GERGEN: What we didn't hear tonight was a woman who thought -- or a candidate who thought, "I've really got him on the ropes now. I'm going to go for the jugular."

UNIDENTIFIED MALE: Because she doesn't.

GERGEN: Because she doesn't.


GERGEN: That's right. And so she had, I think, Gloria, as a result of that, a more gracious speech. But it was interesting she chose to go that way, because the negativity of the campaign was disturbing to a lot of the voters who went to the polls. A whole lot of the voters tonight are saying, "If the other person wins this, I'm not voting for him or her. I'm going to vote for McCain or sit at home."

COOPER: Let's go to some of our other analysts. Jeffrey Toobin, I think earlier in the evening, I heard you say that the money you didn't think was so important. Clearly, though, for her right now, it seems very important.

TOOBIN: It's very important, but regardless of how much money she raises, she's going to Indiana. She's going to North Carolina. And on to Montana, Oregon. So obviously, the more money she has, the better. But there is no question any more that she is going forward.

I mean, if she had done poorly here, there was really some doubt whether this campaign would continue at all. But that, with an eight- point victory, it's clear she's here all the way.

COOPER: As we await Barack Obama's speech and as we still watch Hillary Clinton in the crowd, let's go to Amy Holmes. What stood out in the speech to you?

HOLMES: That she was positive right at the very top, which I think is actually an implicit rebuke of Barack Obama and the "bitter" comment, bitterly clinging to guns and religion, that she said the possibilities are endless.

I also thought it was interesting that she said that America is not a land of quitters and they need a president who won't quit, which I think underscores Jeffrey's point that she's going to stay all the way. I talked with a top Democratic fundraiser for Hillary Clinton tonight. He said I could call him a fat cat in Los Angeles. He's in close contact with the war room, and he was looking at we think it's going to be nine, possibly ten points tonight, and watch the money roll in. That this would really be a real boost to Hillary Clinton and her fundraising efforts.

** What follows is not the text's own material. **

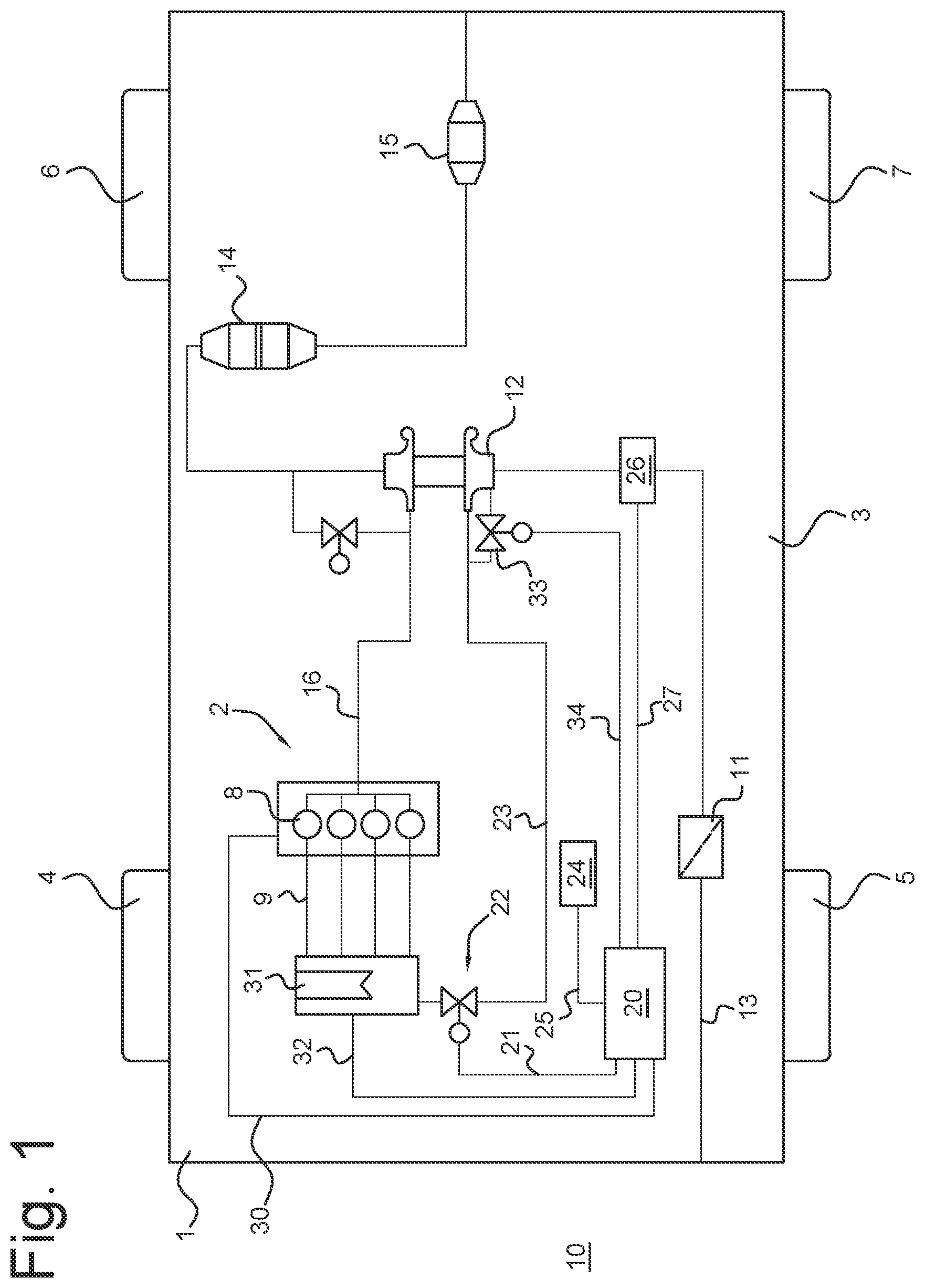 Patent US11774310 Figure 1 – Pressure sensor system for charge air load control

And he also said, sort of for the, you know, inside political junkies, that he reminded me that fundraiser morale is way up because Mark Penn is out. And he thinks that -- he said that he thinks that her success tonight was because he's out that she got to be herself, go back to her roots and really connect with those blue-collar workers on economic issues.

COOPER: And if you were a super delegate, as you are, and you are -- hypothetically, well, just speaking for the super delegates, what do the super delegates take away from an eight-point victory, eight-percentage-point victory, if that's what it is?

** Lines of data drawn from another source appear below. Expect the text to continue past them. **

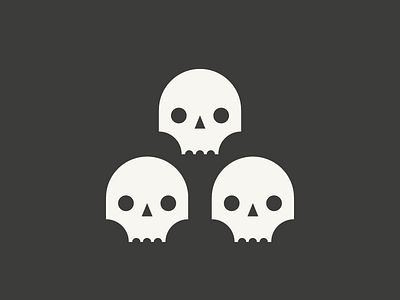 Skulls bones death geometry illustration skull vector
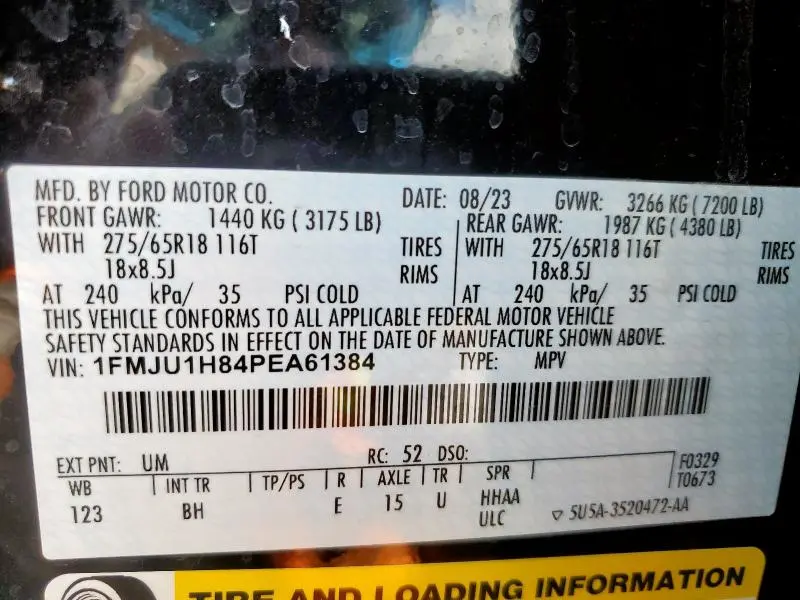 2023 FORD EXPEDITION XLT  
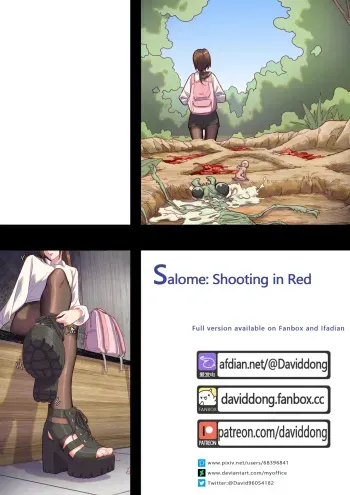 Salome: Shooting in Red manga cover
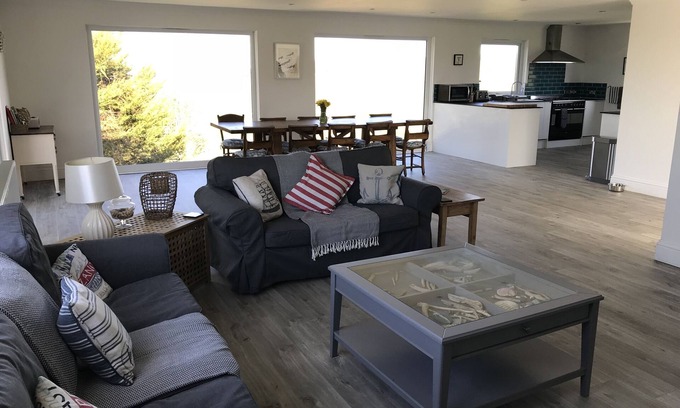Pendoggett Casa | Casa unifamiliar con fabulosas vistas al mar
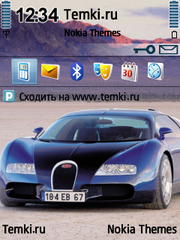 Скриншот №1 для темы Bugatti Veyron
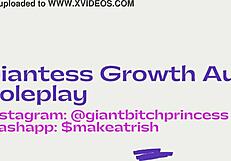oh shit ordinary girl grows HUGE into sexy giantess and crushes fetish roleplay!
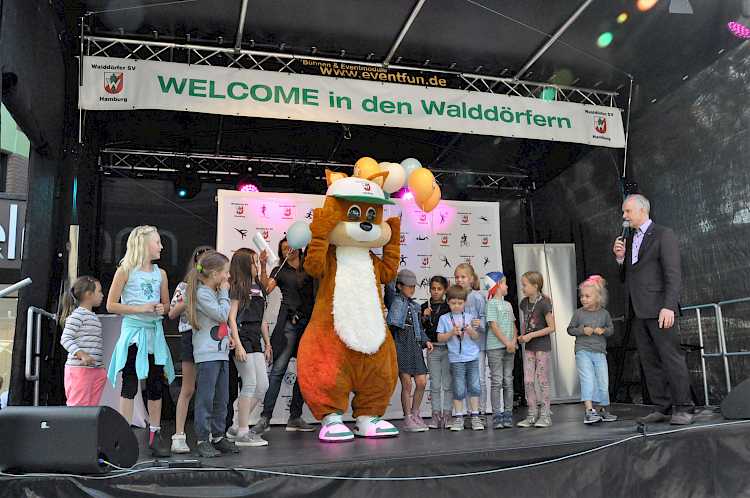 Der Walddörfer SV auf dem Volksdorfer Stadtteilfest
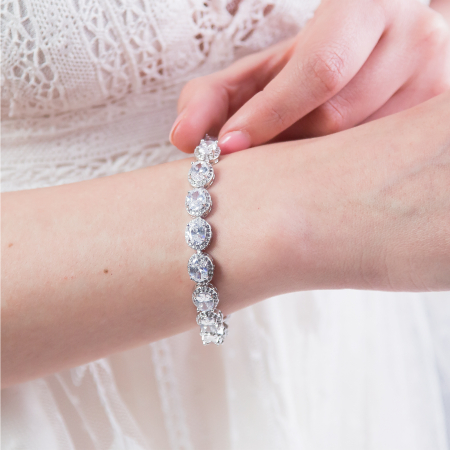 Brățară de mireasă cu zirconii incolore [1]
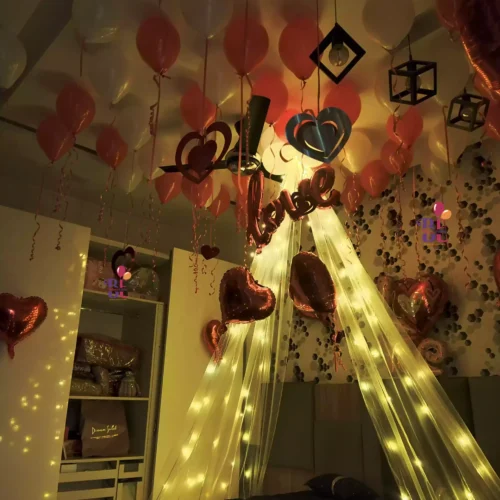 Romantic Room Decoration for Love Birthday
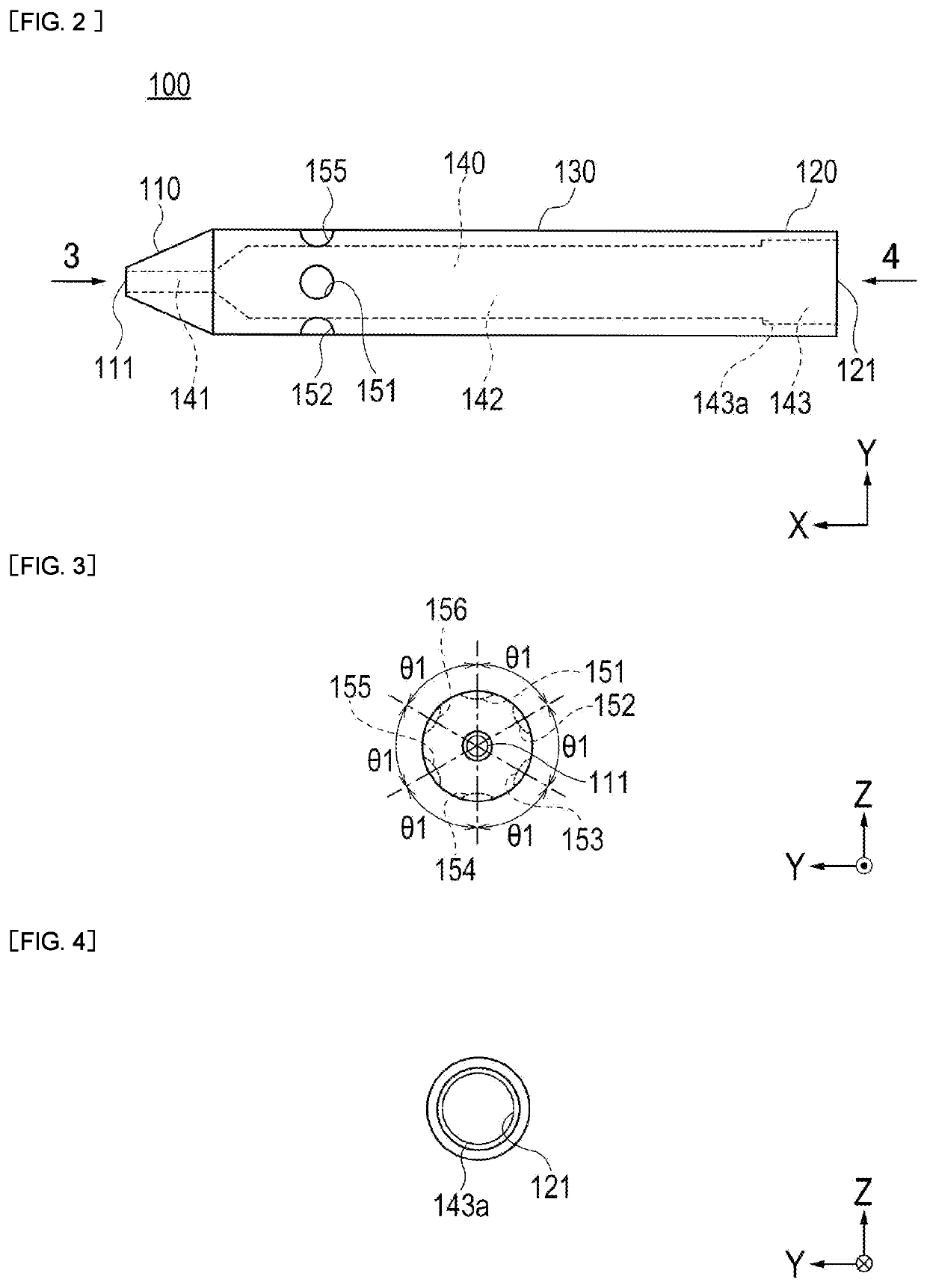 Nozzle, solid matter unloading device, solid matter unloading system, and solid matter unloading method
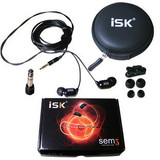 包邮ISK SEM5 高端监听 舒适型耳塞 入耳式耳机 监听耳塞特价包邮
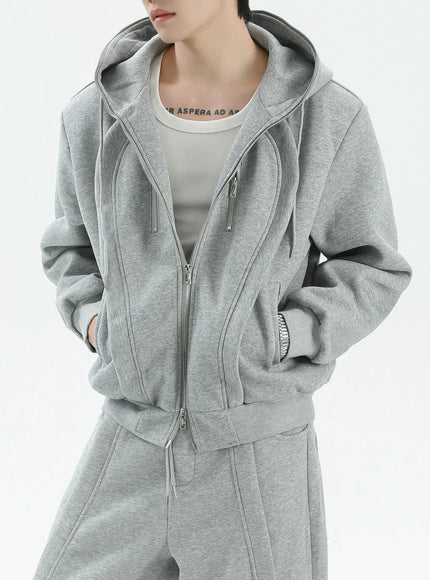 ルーズラインスウェットパーカー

BRAZILE: First of all, I thought Senator Clinton tonight in her speech really didn't speak to super delegates and try to address some of the process questions about electability. Rather, she talked to the voters. She talked to the American people.

She talked about her experiences -- experiences campaigning throughout that state over the last couple of weeks. She talked about their struggles and said, basically, "I will fight for you." She was talking to the voters in Indiana and North Carolina and the upcoming states. Because she knows that, in order to win or to have a chance of winning, she must win another big state.

COOPER: Paul Begala, is that what you heard?

BEGALA: Yes, and I liked that she didn't talk to insiders and talk to insiders. I love Donna, but she can call her about it on the phone and talk about it privately. She had a chance to talk to the country.

And, you know, very often with her speeches, and I love her, but she is a wonk. She gets up there, she's got more solutions than the country has problems. She's got a 17-point plan on the bee pollen issue. She didn't do that this time.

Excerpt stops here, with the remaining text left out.